## Records for this task
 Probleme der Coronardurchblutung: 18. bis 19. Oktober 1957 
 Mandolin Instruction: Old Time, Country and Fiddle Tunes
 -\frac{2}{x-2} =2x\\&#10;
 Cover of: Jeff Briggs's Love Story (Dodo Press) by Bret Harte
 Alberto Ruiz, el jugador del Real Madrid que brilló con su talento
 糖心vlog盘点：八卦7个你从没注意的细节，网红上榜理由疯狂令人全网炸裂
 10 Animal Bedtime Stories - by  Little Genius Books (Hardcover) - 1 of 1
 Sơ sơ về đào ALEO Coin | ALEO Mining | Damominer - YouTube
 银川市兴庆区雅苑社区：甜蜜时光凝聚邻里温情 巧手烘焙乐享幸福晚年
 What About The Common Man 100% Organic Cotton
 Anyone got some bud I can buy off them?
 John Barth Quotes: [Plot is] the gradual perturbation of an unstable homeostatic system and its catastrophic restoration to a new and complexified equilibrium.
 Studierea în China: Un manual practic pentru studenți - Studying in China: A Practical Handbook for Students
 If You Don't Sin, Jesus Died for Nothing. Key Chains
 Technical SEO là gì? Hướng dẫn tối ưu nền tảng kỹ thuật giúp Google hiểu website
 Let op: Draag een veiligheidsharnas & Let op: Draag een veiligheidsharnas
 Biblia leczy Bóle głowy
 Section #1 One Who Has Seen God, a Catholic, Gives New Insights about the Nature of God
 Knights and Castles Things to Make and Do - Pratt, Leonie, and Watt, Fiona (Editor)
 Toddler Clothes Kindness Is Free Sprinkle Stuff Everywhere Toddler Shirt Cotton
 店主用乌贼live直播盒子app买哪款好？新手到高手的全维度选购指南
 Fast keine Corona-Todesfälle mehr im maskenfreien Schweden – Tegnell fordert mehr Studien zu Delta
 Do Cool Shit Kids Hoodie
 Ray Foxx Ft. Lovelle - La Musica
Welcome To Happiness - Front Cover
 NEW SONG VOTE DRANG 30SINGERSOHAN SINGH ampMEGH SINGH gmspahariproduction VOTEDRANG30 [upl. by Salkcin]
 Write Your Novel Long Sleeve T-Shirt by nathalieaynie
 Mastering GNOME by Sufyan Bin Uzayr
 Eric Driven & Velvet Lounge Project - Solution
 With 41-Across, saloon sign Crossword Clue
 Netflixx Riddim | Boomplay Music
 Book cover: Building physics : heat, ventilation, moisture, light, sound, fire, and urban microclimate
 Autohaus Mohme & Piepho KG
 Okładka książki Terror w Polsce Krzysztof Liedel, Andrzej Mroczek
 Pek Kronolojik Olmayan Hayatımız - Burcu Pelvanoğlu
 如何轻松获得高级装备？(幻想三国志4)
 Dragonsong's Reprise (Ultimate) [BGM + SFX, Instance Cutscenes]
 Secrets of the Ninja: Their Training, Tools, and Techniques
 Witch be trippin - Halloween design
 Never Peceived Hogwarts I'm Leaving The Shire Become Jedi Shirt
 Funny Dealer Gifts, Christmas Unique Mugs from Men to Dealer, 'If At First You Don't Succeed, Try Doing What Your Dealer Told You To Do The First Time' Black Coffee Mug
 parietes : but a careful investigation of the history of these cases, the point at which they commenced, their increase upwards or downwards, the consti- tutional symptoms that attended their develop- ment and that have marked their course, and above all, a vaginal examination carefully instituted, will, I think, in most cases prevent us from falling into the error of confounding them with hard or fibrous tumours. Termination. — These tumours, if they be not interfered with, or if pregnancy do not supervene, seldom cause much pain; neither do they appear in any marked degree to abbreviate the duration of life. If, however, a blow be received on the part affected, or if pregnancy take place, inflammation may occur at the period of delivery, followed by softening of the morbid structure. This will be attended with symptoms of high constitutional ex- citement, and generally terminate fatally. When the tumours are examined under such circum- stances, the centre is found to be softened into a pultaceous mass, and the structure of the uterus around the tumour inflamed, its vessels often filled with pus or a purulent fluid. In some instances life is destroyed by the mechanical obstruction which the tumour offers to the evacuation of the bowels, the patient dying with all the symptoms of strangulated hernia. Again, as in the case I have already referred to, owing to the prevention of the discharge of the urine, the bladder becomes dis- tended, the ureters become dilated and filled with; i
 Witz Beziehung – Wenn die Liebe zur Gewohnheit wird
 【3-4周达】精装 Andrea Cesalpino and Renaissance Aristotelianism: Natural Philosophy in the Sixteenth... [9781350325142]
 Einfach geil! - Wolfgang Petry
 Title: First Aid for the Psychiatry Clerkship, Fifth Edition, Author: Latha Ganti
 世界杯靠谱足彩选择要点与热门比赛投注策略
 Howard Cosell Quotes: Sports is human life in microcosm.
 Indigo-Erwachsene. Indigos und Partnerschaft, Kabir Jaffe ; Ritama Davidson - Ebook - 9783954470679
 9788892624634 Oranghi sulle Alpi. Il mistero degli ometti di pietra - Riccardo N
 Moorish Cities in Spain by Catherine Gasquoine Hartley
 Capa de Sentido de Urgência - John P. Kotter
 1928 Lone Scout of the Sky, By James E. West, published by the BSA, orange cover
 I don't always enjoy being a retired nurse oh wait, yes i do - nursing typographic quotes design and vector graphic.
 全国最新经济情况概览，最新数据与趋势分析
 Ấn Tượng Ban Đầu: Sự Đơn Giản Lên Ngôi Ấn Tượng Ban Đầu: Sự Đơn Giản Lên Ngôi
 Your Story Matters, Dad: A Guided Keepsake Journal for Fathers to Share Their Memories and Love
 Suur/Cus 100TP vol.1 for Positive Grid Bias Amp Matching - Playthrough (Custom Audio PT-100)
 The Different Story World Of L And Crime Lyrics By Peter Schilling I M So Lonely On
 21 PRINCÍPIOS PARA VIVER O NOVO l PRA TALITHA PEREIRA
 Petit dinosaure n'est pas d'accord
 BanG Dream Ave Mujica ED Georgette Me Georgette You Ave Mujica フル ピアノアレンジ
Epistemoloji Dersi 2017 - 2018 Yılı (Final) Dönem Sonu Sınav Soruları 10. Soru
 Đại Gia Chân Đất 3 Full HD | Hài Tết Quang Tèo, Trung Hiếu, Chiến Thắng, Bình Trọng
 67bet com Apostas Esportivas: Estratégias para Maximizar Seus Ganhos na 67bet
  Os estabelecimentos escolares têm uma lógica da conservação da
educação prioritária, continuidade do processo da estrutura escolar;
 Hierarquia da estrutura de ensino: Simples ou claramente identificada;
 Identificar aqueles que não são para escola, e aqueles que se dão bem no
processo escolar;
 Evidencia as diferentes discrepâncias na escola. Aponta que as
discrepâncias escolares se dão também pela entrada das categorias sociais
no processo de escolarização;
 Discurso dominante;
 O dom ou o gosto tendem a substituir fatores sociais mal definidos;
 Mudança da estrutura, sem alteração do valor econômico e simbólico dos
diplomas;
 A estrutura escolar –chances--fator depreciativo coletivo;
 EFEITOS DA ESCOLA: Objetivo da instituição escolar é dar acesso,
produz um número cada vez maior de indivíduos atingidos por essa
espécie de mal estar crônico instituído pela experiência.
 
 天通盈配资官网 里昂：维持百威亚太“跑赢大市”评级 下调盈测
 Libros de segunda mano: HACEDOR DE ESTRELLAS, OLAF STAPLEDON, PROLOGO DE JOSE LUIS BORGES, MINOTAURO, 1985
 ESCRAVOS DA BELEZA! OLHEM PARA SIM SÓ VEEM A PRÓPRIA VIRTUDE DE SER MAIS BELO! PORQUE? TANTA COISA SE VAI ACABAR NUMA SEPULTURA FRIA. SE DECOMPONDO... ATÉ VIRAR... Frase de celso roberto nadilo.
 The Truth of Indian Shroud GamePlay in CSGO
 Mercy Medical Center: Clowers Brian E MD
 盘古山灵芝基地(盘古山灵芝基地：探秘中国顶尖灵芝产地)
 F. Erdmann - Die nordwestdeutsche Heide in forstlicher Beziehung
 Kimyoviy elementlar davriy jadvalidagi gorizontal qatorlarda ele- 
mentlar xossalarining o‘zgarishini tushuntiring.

## Try it
Using the listing above, return word for word each line from the one that has "Secrets of the" through the one that has "Indigo-Erwachsene. Indigos und", and no line outside that range.

## Answer section
 Secrets of the Ninja: Their Training, Tools, and Techniques
 Witch be trippin - Halloween design
 Never Peceived Hogwarts I'm Leaving The Shire Become Jedi Shirt
 Funny Dealer Gifts, Christmas Unique Mugs from Men to Dealer, 'If At First You Don't Succeed, Try Doing What Your Dealer Told You To Do The First Time' Black Coffee Mug
 parietes : but a careful investigation of the history of these cases, the point at which they commenced, their increase upwards or downwards, the consti- tutional symptoms that attended their develop- ment and that have marked their course, and above all, a vaginal examination carefully instituted, will, I think, in most cases prevent us from falling into the error of confounding them with hard or fibrous tumours. Termination. — These tumours, if they be not interfered with, or if pregnancy do not supervene, seldom cause much pain; neither do they appear in any marked degree to abbreviate the duration of life. If, however, a blow be received on the part affected, or if pregnancy take place, inflammation may occur at the period of delivery, followed by softening of the morbid structure. This will be attended with symptoms of high constitutional ex- citement, and generally terminate fatally. When the tumours are examined under such circum- stances, the centre is found to be softened into a pultaceous mass, and the structure of the uterus around the tumour inflamed, its vessels often filled with pus or a purulent fluid. In some instances life is destroyed by the mechanical obstruction which the tumour offers to the evacuation of the bowels, the patient dying with all the symptoms of strangulated hernia. Again, as in the case I have already referred to, owing to the prevention of the discharge of the urine, the bladder becomes dis- tended, the ureters become dilated and filled with; i
 Witz Beziehung – Wenn die Liebe zur Gewohnheit wird
 【3-4周达】精装 Andrea Cesalpino and Renaissance Aristotelianism: Natural Philosophy in the Sixteenth... [9781350325142]
 Einfach geil! - Wolfgang Petry
 Title: First Aid for the Psychiatry Clerkship, Fifth Edition, Author: Latha Ganti
 世界杯靠谱足彩选择要点与热门比赛投注策略
 Howard Cosell Quotes: Sports is human life in microcosm.
 Indigo-Erwachsene. Indigos und Partnerschaft, Kabir Jaffe ; Ritama Davidson - Ebook - 9783954470679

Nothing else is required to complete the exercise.